**What to do:** Of all the entries below, retype only the lines from the one with "a college campus." through the one with "Kearneys Spring House", exactly as they appear.

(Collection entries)
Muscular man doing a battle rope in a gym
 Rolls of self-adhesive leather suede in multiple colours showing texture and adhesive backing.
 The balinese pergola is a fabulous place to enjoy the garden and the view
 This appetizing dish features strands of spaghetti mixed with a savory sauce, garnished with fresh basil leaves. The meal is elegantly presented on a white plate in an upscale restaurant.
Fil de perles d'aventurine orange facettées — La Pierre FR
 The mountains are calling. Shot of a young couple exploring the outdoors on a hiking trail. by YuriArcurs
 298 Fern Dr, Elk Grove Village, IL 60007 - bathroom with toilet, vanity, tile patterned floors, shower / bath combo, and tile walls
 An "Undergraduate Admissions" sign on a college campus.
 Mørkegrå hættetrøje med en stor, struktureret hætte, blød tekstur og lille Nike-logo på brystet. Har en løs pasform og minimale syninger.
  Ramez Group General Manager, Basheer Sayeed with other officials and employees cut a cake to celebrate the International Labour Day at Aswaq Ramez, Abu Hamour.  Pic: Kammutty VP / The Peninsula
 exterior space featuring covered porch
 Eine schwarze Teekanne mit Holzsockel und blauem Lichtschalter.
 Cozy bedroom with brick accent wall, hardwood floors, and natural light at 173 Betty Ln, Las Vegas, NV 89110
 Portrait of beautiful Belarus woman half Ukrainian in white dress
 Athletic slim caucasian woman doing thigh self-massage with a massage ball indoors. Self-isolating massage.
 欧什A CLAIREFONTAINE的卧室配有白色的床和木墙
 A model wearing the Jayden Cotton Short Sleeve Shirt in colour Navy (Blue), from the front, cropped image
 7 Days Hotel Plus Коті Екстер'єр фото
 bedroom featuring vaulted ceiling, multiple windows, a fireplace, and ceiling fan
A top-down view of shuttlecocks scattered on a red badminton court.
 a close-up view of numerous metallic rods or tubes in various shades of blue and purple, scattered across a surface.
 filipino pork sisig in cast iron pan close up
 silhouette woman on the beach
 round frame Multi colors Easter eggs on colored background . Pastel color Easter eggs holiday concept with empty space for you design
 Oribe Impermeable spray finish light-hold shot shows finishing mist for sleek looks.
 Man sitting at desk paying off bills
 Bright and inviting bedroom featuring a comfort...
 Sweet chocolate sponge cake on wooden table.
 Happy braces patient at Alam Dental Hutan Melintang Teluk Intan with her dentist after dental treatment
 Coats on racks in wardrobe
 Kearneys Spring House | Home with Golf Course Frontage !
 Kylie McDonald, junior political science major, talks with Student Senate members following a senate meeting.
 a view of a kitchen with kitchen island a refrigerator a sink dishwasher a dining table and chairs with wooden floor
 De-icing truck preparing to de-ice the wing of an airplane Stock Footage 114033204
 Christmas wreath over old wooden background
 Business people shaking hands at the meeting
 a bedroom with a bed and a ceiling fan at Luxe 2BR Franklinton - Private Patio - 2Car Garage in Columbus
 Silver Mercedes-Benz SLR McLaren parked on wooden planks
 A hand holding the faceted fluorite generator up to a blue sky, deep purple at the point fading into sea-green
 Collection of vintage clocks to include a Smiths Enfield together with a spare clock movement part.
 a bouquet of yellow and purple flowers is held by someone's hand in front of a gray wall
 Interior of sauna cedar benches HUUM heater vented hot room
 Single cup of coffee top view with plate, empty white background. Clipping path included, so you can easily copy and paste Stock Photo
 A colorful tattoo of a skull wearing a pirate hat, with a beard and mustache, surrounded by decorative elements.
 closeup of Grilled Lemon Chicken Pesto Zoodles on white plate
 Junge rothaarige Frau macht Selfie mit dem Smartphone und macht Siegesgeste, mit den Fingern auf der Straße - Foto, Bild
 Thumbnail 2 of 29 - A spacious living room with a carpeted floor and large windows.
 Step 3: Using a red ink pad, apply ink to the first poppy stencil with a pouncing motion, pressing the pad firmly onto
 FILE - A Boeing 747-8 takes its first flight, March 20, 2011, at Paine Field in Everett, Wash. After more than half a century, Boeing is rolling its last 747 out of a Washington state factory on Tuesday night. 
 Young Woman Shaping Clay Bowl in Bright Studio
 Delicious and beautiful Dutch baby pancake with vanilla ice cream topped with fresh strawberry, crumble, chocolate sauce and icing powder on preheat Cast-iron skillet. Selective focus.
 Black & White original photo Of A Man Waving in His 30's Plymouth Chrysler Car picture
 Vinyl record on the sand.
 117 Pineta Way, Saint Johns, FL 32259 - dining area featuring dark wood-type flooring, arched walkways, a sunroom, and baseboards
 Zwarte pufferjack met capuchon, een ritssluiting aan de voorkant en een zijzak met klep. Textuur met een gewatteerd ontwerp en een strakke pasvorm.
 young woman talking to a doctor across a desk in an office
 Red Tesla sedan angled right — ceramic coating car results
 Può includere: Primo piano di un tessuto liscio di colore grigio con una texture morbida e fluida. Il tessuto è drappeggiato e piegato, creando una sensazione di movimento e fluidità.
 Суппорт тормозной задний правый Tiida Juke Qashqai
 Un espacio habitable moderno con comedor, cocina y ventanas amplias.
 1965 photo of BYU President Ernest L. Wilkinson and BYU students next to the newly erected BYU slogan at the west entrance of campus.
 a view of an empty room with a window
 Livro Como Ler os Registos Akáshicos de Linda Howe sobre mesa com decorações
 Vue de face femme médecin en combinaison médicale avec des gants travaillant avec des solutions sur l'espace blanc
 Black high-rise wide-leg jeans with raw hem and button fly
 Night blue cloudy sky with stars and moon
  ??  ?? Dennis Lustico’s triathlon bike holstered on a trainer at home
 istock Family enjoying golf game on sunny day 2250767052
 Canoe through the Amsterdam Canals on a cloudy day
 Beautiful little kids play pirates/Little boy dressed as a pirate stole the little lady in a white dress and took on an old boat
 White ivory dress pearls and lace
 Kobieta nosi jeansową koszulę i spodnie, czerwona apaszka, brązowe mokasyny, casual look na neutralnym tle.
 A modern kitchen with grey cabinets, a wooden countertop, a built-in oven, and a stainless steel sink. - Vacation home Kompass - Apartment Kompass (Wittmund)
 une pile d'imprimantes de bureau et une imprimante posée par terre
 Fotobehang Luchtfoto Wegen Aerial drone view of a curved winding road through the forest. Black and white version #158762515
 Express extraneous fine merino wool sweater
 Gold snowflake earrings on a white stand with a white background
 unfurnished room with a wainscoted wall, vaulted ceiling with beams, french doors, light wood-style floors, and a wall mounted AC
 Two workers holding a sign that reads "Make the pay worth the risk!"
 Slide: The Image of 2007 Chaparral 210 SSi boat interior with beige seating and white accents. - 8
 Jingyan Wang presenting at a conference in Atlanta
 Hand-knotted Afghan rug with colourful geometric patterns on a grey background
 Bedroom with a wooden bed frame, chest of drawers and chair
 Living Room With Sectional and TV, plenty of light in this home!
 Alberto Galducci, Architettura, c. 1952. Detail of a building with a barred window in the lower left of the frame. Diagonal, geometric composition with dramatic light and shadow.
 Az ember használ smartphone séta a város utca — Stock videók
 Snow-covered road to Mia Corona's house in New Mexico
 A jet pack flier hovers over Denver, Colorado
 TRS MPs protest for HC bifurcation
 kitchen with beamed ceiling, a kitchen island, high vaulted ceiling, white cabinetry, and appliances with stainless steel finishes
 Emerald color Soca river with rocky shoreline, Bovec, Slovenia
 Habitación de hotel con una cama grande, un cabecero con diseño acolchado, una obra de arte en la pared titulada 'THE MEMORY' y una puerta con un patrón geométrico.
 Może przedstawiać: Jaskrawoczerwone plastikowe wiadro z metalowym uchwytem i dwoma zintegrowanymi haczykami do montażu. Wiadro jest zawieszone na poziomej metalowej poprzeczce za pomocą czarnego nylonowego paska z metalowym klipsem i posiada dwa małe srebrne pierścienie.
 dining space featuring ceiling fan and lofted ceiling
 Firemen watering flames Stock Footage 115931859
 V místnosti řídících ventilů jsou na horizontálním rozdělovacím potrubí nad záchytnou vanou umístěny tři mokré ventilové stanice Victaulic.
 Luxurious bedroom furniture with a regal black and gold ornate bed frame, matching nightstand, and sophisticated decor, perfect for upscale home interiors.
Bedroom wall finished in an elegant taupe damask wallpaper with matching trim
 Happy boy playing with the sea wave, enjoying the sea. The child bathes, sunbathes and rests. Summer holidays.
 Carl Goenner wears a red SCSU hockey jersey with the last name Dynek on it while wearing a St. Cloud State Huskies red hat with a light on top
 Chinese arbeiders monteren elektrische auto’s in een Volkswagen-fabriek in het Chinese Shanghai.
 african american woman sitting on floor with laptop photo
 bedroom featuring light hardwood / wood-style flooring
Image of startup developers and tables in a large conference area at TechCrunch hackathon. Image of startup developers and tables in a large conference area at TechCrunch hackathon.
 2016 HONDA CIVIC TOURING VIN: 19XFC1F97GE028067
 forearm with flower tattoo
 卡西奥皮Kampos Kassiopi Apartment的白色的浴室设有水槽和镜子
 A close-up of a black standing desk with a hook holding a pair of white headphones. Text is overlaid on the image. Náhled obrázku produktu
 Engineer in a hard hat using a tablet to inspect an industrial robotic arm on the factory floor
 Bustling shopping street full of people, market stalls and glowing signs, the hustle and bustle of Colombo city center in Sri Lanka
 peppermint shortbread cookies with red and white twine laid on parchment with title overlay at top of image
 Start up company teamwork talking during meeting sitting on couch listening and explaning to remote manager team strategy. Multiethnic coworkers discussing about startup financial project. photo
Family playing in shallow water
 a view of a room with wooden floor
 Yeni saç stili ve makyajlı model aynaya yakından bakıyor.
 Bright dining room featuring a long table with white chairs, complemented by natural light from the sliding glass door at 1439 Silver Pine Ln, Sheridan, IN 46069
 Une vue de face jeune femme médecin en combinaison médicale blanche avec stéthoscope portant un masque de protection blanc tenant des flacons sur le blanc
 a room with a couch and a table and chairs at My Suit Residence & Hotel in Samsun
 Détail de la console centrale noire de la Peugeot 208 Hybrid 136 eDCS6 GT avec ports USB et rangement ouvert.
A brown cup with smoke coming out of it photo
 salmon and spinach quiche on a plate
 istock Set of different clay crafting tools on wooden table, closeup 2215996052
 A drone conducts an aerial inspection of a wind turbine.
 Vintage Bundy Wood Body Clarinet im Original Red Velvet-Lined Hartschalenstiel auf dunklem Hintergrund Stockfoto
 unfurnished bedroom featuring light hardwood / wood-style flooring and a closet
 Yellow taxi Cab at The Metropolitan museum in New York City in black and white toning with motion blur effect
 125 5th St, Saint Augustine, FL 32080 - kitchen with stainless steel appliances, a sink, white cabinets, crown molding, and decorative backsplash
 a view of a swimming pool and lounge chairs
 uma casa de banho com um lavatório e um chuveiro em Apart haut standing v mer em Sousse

**Answer below:**
 An "Undergraduate Admissions" sign on a college campus.
 Mørkegrå hættetrøje med en stor, struktureret hætte, blød tekstur og lille Nike-logo på brystet. Har en løs pasform og minimale syninger.
  Ramez Group General Manager, Basheer Sayeed with other officials and employees cut a cake to celebrate the International Labour Day at Aswaq Ramez, Abu Hamour.  Pic: Kammutty VP / The Peninsula
 exterior space featuring covered porch
 Eine schwarze Teekanne mit Holzsockel und blauem Lichtschalter.
 Cozy bedroom with brick accent wall, hardwood floors, and natural light at 173 Betty Ln, Las Vegas, NV 89110
 Portrait of beautiful Belarus woman half Ukrainian in white dress
 Athletic slim caucasian woman doing thigh self-massage with a massage ball indoors. Self-isolating massage.
 欧什A CLAIREFONTAINE的卧室配有白色的床和木墙
 A model wearing the Jayden Cotton Short Sleeve Shirt in colour Navy (Blue), from the front, cropped image
 7 Days Hotel Plus Коті Екстер'єр фото
 bedroom featuring vaulted ceiling, multiple windows, a fireplace, and ceiling fan
A top-down view of shuttlecocks scattered on a red badminton court.
 a close-up view of numerous metallic rods or tubes in various shades of blue and purple, scattered across a surface.
 filipino pork sisig in cast iron pan close up
 silhouette woman on the beach
 round frame Multi colors Easter eggs on colored background . Pastel color Easter eggs holiday concept with empty space for you design
 Oribe Impermeable spray finish light-hold shot shows finishing mist for sleek looks.
 Man sitting at desk paying off bills
 Bright and inviting bedroom featuring a comfort...
 Sweet chocolate sponge cake on wooden table.
 Happy braces patient at Alam Dental Hutan Melintang Teluk Intan with her dentist after dental treatment
 Coats on racks in wardrobe
 Kearneys Spring House | Home with Golf Course Frontage !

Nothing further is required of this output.